From: Michal Hocko <mhocko@suse.cz>
To: Johannes Weiner <hannes@cmpxchg.org>
Cc: Andrew Morton <akpm@linux-foundation.org>,
KAMEZAWA Hiroyuki <kamezawa.hiroyu@jp.fujitsu.com>,
KOSAKI Motohiro <kosaki.motohiro@jp.fujitsu.com>,
LKML <linux-kernel@vger.kernel.org>,
linux-mm@kvack.org
Subject: [PATCH -v2 4/6] memcg: make sure that memcg is not offline when charging
Date: Tue, 4 Feb 2014 14:28:58 +0100 [thread overview]
Message-ID: <1391520540-17436-5-git-send-email-mhocko@suse.cz> (raw)

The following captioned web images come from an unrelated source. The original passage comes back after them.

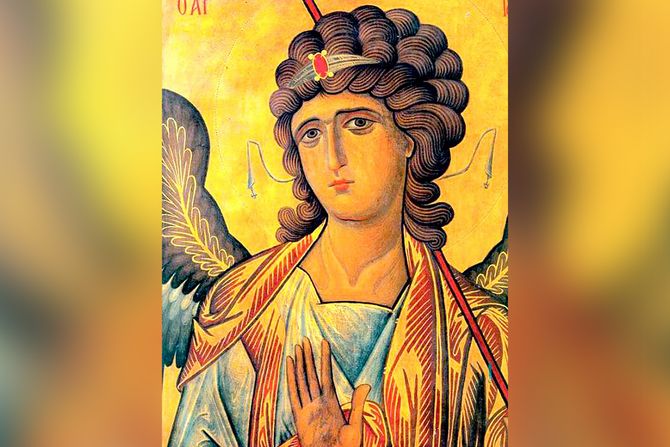 Sveti arhangel Gavrilo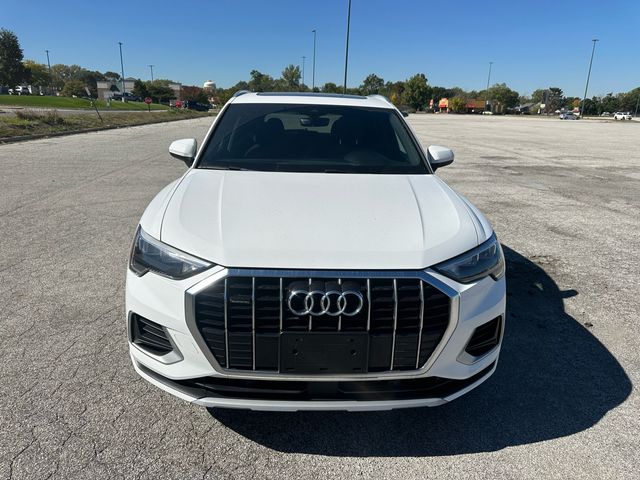 2020 Audi Q3 Premium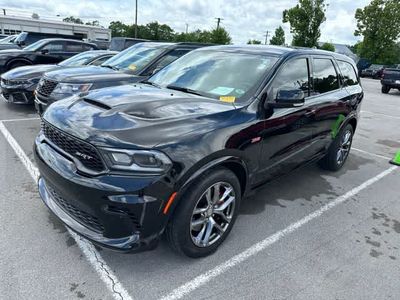 2024 Dodge Durango — side profile view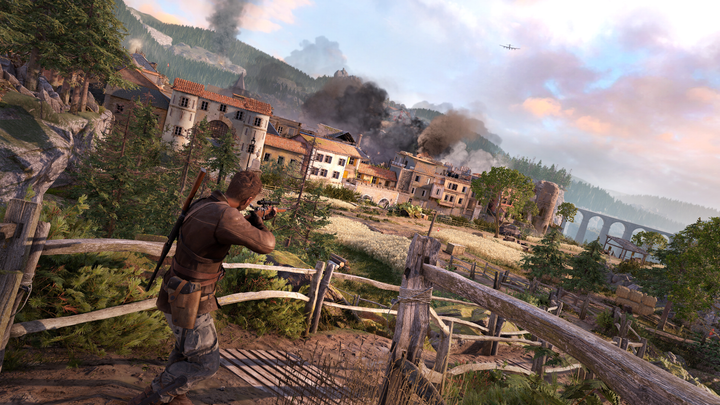 Gra Xbox One/XSX Sniper Elite Resistance Deluxe Edition (Blu-ray płyta) (5056208825292) - obraz 7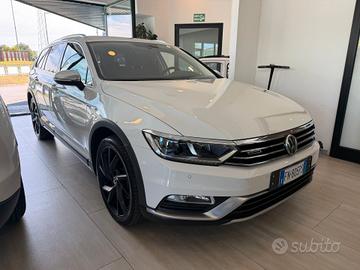 Volkswagen Passat Alltrack 2.0 TDI 190 CV 4MOTION 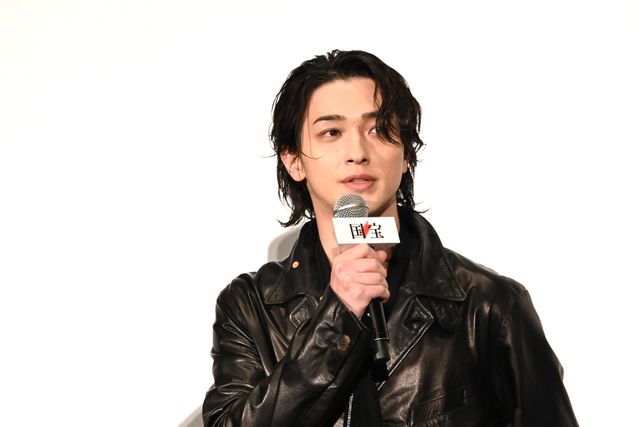 吉沢亮＆横浜流星が爆イケ！女優陣も美の競演『国宝』初日舞台あいさつ（13枚目）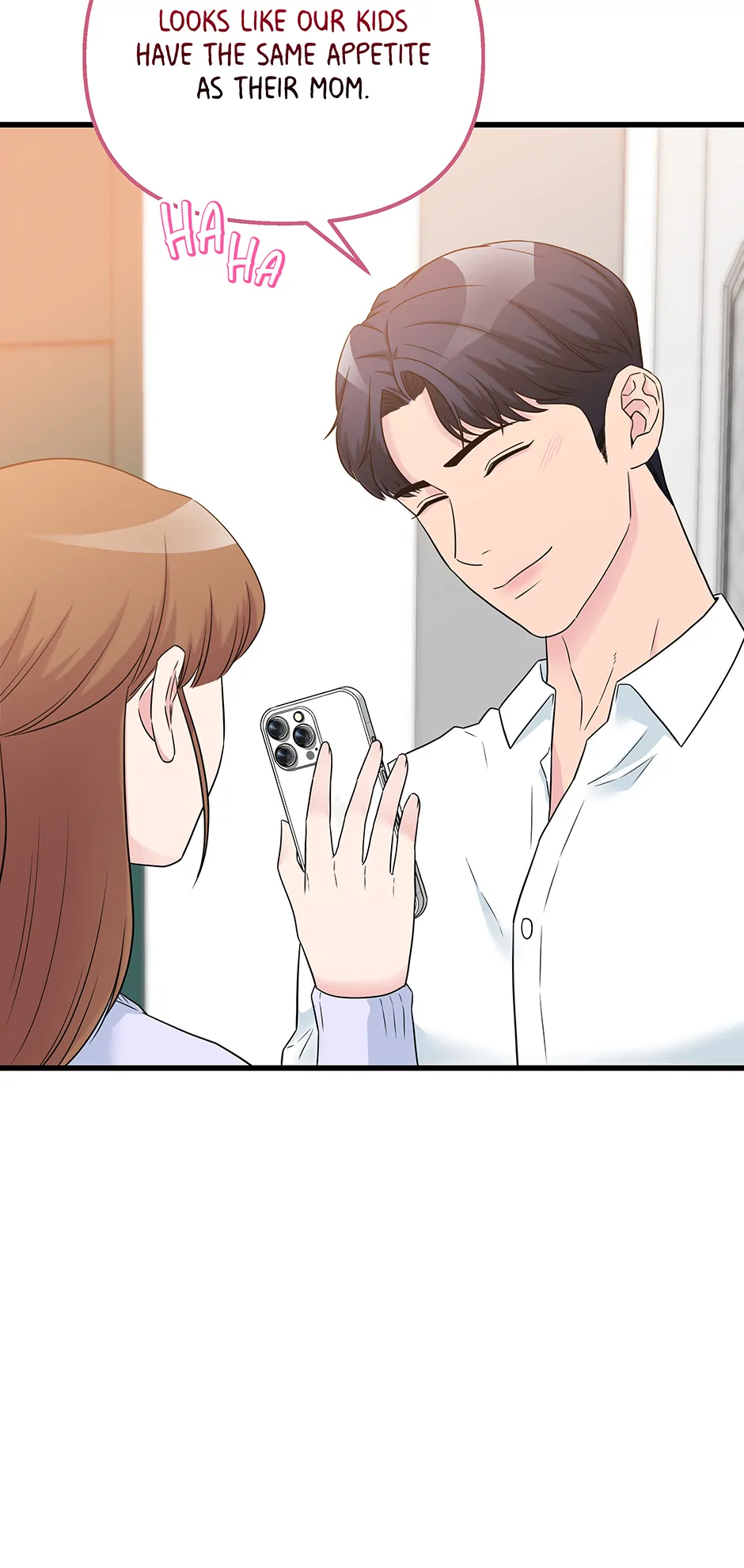 Love on Campus Chapter 78 - Page 12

In-Reply-To: <1391520540-17436-1-git-send-email-mhocko@suse.cz>
The current charge path might race with memcg offlining because holding
css reference doesn't neither prevent from task move to a different
group nor stop css offline. When a charging task is the last one in the
group and it is moved to a different group in the middle of the charge
the old memcg might get offlined. As a result res counter might be
charged after mem_cgroup_reparent_charges (called from memcg css_offline
callback) and so the charge would never be freed. This has been worked
around by 96f1c58d8534 (mm: memcg: fix race condition between memcg
teardown and swapin) which tries to catch such a leaked charges later
during css_free. It is more optimal to heal this race in the long term
though.
In order to make this raceless we have to check that the memcg is online
and res_counter_charge in the same RCU read section. The online check can
be done simply by calling css_tryget & css_put which are now wrapped
into mem_cgroup_is_online helper.
Callers are then updated to retry with a new memcg which is associated
with the current mm. There always has to be a valid memcg encountered
sooner or later because task had to be moved to a valid and online
cgroup.
The only exception is mem_cgroup_do_precharge which should never see
this race because it is called from cgroup {can_}attach callbacks and so
the whole cgroup cannot go away.
Signed-off-by: Michal Hocko <mhocko@suse.cz>
---
mm/memcontrol.c | 70 +++++++++++++++++++++++++++++++++++++++++++++++++++++----
1 file changed, 66 insertions(+), 4 deletions(-)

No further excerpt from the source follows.